Comparisons to sofas and remote controls are trite. Even you must see that the production of a game has more in common with a movie than the construction of furniture.
But you say that interactivity negates art, which seems like an arbitrary distinction to make, especially when you also say that games aren't truly interactive. Are you saying that art can't leave room for interpretation? That the meaning or purpose of art must be set in stone by the creator? There are plenty of open-ended games where "success" or "failure" is an abstract concept.
You've dismissed interactivity out of hand as a reason why it can't be art, while not really existing in games, and said that games must come up with some new way of using elements to qualify as art and then dismissed their defining difference in a contradictory way.
If Vib Ribbon was an installation at MOMA, where a wireframe rabbit walks along a line that peaks and troughs as it reacts to the ambient noise of the audience, and each time he stumbles he slips further down the evolutionary chain - would that qualify as Art?
So why does the addition of a joypad so fundamentally reverse its artistic value?
Even if games are just to be accepted as a subset of film, rather than a new artform, how does that preclude them from being art? You can't say something like Space Ace is the same as an animated movie, as a way of countering the argument that games offer something new, and then say that it can't count as art because it's a game.
Something like Half Life 2 is almost identical to a well-written thriller novel or a good blockbuster movie. At least, I get the same entertainment from it as the other things. If you take three things, in three mediums, and they all provide the same entertainment, the same stimulation, and two of them are considered products of valid artforms, how can the third not be?
If you at least accept than by the very process of creation a game can be considered "art", then do you accept that the form has the potential to spawn "Art" in the right hands? Because that's all that most people here are arguing. Not that games are Art, but that the interactive medium has the potential to produce Art.
And it does.
Games have been around for twenty years. They're in their infancy, but the medium is evolving all the time. We look back on early films now and hail them as classics because we can see how they influenced what came afterwards. Games don't have that perspective yet, but you sound like you're already shutting the door on the idea of the medium having any artistic worth.
If you want to argue that no game so far can be classified as Art then I'd agree - though there are many games that have made impressive strides in the right direction.
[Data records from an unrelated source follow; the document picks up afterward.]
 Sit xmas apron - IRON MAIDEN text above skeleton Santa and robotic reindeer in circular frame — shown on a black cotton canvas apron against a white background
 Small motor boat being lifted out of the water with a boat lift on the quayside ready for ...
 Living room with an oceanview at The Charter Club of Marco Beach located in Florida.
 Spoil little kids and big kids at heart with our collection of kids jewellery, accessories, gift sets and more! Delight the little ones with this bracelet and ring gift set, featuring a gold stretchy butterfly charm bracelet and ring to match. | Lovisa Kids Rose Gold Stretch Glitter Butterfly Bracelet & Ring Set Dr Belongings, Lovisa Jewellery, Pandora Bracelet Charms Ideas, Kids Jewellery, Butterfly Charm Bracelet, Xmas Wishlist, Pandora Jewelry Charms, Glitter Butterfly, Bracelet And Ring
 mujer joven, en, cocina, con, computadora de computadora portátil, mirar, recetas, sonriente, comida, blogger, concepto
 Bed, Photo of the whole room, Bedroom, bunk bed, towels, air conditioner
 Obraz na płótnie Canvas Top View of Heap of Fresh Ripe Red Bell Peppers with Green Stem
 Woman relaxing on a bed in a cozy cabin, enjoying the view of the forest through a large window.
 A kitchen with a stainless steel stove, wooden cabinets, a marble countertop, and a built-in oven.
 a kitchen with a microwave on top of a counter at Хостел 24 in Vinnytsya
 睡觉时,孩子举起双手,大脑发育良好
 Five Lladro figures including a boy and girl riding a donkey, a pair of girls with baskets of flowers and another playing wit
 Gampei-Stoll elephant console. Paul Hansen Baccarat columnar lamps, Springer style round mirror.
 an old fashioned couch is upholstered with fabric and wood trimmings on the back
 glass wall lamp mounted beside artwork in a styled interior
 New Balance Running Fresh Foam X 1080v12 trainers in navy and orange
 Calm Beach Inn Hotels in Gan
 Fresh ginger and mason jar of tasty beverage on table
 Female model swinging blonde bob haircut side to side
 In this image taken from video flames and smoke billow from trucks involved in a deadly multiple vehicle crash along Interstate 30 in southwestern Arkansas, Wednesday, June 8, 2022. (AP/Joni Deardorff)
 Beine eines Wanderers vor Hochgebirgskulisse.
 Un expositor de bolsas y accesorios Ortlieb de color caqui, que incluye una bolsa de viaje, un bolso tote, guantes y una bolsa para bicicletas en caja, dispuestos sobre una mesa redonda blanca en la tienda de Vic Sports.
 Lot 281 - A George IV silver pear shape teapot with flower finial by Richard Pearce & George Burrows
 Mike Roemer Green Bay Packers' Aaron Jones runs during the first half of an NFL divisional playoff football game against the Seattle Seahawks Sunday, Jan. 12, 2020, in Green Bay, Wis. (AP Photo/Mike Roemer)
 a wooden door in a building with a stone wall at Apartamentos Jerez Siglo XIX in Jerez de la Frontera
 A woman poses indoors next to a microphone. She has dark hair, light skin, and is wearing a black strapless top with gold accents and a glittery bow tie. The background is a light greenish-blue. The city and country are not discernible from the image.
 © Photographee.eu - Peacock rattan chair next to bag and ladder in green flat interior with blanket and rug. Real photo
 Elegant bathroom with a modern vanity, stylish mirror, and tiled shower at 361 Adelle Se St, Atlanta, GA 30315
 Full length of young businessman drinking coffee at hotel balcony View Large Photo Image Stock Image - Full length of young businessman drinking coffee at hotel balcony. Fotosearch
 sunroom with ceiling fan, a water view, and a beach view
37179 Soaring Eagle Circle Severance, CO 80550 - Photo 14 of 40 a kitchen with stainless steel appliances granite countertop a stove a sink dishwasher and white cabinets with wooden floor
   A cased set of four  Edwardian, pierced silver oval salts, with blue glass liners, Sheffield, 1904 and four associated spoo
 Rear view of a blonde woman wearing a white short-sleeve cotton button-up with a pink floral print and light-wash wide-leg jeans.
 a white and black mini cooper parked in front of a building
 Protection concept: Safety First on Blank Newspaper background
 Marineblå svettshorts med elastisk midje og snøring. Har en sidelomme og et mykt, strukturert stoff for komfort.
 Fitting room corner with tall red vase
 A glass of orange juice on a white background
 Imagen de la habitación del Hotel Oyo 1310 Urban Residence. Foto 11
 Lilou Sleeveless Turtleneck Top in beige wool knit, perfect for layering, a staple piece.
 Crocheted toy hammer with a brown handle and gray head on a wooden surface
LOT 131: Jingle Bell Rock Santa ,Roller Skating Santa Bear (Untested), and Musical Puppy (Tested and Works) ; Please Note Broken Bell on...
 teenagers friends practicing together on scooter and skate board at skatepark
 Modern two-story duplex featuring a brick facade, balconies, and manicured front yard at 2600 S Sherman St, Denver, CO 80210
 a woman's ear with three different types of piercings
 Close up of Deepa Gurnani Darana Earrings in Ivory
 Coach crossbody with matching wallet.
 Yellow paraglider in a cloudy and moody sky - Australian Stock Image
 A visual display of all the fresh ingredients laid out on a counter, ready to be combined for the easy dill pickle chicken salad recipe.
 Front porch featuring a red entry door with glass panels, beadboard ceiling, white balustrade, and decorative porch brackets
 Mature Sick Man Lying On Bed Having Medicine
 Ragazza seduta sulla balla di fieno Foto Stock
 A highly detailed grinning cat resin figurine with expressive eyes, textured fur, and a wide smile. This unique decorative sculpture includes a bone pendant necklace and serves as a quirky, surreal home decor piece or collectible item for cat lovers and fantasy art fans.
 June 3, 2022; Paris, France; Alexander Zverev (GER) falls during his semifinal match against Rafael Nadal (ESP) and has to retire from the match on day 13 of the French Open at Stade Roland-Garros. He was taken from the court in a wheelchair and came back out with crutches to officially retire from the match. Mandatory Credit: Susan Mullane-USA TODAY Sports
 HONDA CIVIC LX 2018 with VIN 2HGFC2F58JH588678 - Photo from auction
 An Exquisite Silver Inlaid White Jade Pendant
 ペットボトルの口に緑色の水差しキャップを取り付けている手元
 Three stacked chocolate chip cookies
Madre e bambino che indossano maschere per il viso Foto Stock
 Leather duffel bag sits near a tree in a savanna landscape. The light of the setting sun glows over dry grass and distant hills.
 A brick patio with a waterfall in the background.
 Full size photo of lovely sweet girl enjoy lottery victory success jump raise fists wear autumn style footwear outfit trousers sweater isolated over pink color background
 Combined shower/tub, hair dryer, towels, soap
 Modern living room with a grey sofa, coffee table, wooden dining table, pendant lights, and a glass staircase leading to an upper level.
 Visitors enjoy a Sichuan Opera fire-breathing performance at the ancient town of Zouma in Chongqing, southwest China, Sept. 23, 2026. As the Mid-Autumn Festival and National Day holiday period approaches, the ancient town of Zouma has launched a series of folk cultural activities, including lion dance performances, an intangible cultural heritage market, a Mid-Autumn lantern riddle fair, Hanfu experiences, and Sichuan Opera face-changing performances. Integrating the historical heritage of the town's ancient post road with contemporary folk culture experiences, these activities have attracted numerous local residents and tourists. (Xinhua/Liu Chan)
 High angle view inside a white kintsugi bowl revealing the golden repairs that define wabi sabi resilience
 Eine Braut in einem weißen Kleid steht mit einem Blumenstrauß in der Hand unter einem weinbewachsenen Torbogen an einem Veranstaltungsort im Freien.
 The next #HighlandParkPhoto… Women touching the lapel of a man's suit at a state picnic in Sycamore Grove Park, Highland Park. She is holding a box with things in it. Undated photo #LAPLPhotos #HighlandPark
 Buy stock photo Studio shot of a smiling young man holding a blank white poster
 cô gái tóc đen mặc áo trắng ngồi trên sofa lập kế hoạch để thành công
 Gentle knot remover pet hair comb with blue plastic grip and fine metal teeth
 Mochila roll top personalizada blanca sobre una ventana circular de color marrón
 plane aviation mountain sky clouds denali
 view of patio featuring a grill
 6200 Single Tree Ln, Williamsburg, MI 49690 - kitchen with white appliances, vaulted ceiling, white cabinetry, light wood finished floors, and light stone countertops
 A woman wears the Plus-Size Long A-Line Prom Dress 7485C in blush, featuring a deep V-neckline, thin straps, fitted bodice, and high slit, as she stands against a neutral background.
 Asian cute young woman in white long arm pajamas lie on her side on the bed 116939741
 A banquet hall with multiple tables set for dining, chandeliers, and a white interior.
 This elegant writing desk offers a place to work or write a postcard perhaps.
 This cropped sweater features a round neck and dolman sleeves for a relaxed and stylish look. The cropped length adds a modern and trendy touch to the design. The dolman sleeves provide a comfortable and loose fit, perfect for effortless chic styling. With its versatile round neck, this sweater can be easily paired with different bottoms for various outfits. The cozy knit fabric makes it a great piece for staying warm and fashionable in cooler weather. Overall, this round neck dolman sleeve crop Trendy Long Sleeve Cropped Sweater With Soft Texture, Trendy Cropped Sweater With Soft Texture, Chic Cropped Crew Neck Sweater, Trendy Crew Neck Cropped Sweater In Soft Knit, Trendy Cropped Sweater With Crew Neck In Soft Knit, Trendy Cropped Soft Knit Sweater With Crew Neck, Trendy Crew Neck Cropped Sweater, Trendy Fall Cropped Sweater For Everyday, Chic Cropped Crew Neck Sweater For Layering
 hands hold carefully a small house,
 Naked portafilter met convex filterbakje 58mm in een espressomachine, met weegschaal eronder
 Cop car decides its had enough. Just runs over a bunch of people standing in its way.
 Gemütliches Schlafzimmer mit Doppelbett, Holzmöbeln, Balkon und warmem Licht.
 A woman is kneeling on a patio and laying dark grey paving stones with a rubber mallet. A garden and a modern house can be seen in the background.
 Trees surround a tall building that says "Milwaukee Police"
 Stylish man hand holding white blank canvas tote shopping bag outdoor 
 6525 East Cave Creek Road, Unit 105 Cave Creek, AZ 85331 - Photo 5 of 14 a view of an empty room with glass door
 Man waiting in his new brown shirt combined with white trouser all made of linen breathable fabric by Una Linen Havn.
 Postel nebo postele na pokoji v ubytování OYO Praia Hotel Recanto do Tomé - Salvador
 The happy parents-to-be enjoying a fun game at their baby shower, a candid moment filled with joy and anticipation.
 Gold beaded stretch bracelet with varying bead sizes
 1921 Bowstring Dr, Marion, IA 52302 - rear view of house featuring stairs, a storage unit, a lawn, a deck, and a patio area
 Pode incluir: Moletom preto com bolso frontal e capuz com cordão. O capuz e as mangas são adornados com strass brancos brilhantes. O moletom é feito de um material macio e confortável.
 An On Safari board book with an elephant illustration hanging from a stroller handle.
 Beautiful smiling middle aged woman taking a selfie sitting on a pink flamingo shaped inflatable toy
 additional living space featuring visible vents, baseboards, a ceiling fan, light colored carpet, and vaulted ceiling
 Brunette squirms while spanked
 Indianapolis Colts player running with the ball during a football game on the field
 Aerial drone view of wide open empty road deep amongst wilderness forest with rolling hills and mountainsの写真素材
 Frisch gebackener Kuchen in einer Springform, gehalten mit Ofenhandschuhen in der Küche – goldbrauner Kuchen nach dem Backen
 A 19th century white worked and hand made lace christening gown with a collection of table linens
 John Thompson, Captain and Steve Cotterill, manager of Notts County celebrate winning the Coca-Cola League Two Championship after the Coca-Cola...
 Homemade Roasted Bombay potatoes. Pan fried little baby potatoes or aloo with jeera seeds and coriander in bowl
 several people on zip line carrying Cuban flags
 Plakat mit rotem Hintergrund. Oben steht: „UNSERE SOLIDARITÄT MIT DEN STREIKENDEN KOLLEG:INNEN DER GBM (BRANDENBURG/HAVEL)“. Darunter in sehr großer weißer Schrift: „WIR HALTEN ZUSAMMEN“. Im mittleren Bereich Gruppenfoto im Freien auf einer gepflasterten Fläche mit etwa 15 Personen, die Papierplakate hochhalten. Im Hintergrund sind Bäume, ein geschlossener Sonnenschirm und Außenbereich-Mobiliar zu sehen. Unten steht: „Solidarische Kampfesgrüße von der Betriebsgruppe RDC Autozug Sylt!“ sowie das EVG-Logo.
Rez. Myst. Vib Ribbon. And those are just the first that spring to mind that work on an abstract level. The ones that, just played on a screen in a gallery could be just as valid as Tracey Emin's unmade bed or Cristo's wrapped buildings as a creative statement. Hell, back in 1984 there was a game called
Deus Ex Machina by a guy called Mel Croucher, that was described as the game equivalent of Pink Floyd's The Wall. They're few and far between, but there are people out there who see creating games as more than just a hollow technical exercise.
Indigo Prophecy, Fable, Deus Ex and Ico are doing things with narrative and presentation that rival the populist end of the novel and movie market, and that's literally just the beginning.
But if you're arguing that games can never produce Art just because they're games, or because they're interactive, or because they don't offer anything new or just because you don't like gaming nerds then you're being uncharacteristically shortsighted. The arguments you're using are the same ones that people used to decry sampling as "not real music", or comics as "not real artwork".
Maybe gaming hasn't yet discovered it's Afrika Bambaataa or Bomb Squad, it's Spiegelman or Eisner, but I think it's only a matter of time.